#### WHAT YOU SHOULD DO
When you write out the listing, keep every character and omit the pictures.

#### GIVEN MATERIAL
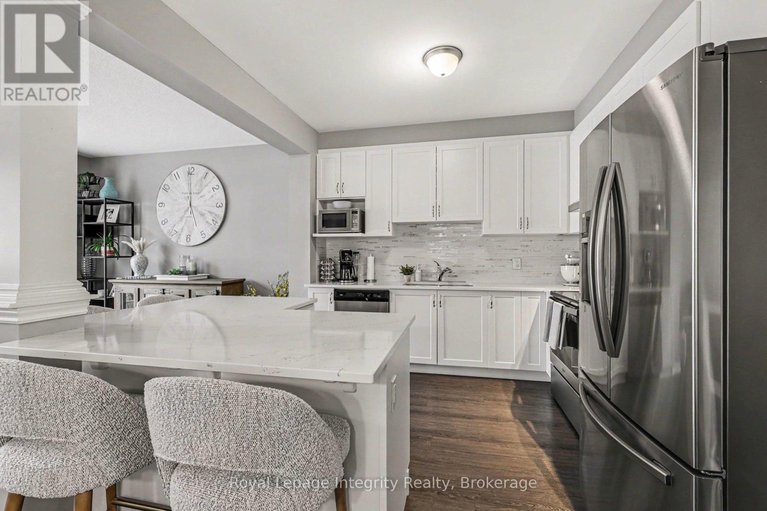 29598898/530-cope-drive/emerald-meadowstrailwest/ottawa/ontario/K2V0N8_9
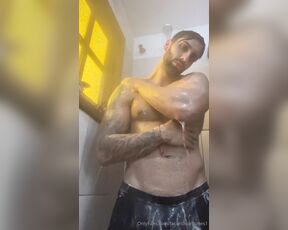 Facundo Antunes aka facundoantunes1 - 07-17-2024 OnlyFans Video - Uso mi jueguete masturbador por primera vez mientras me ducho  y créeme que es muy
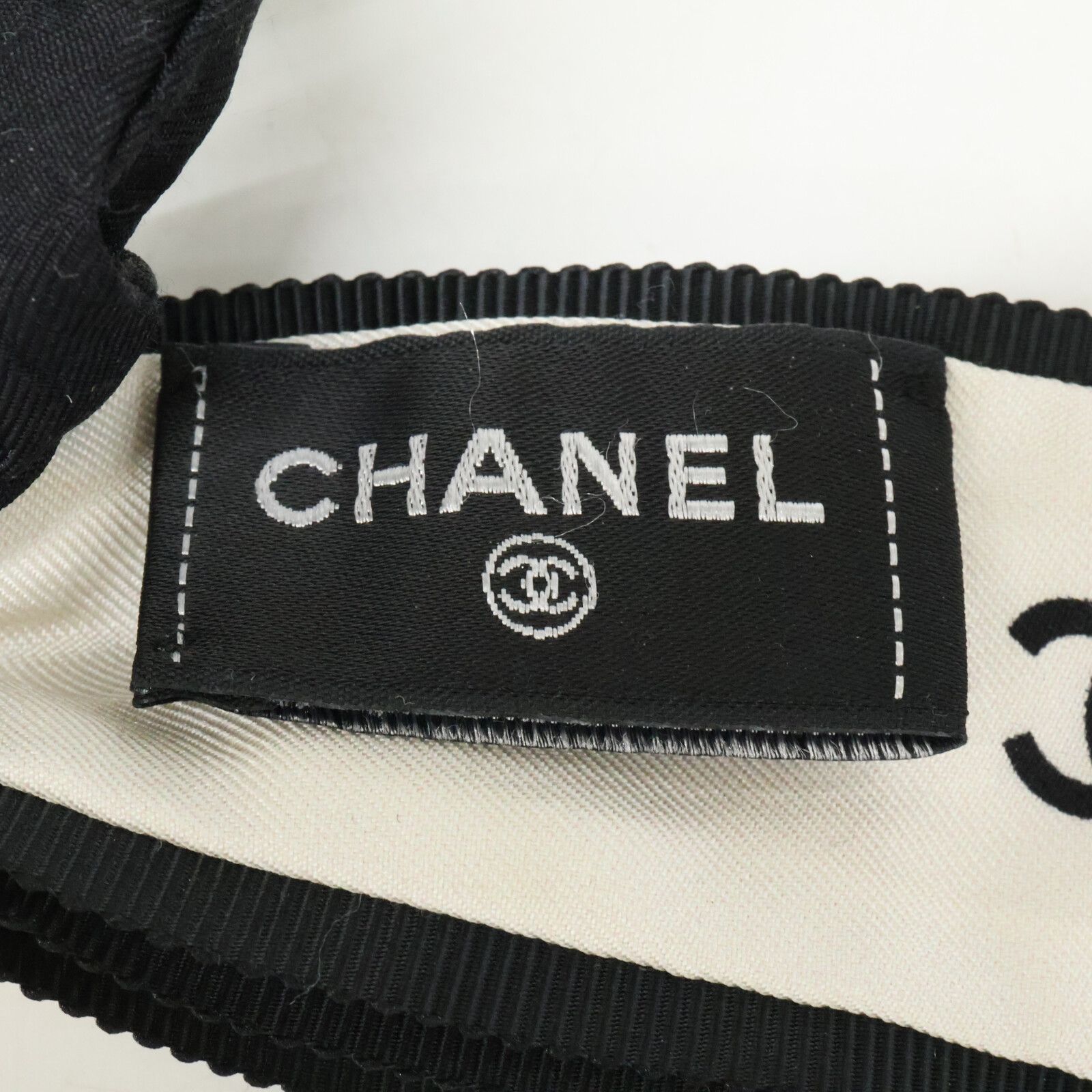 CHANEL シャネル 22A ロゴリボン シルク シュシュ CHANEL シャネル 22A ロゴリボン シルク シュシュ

#### YOUR RESPONSE
 29598898/530-cope-drive/emerald-meadowstrailwest/ottawa/ontario/K2V0N8_9
 Facundo Antunes aka facundoantunes1 - 07-17-2024 OnlyFans Video - Uso mi jueguete masturbador por primera vez mientras me ducho  y créeme que es muy
 CHANEL シャネル 22A ロゴリボン シルク シュシュ CHANEL シャネル 22A ロゴリボン シルク シュシュ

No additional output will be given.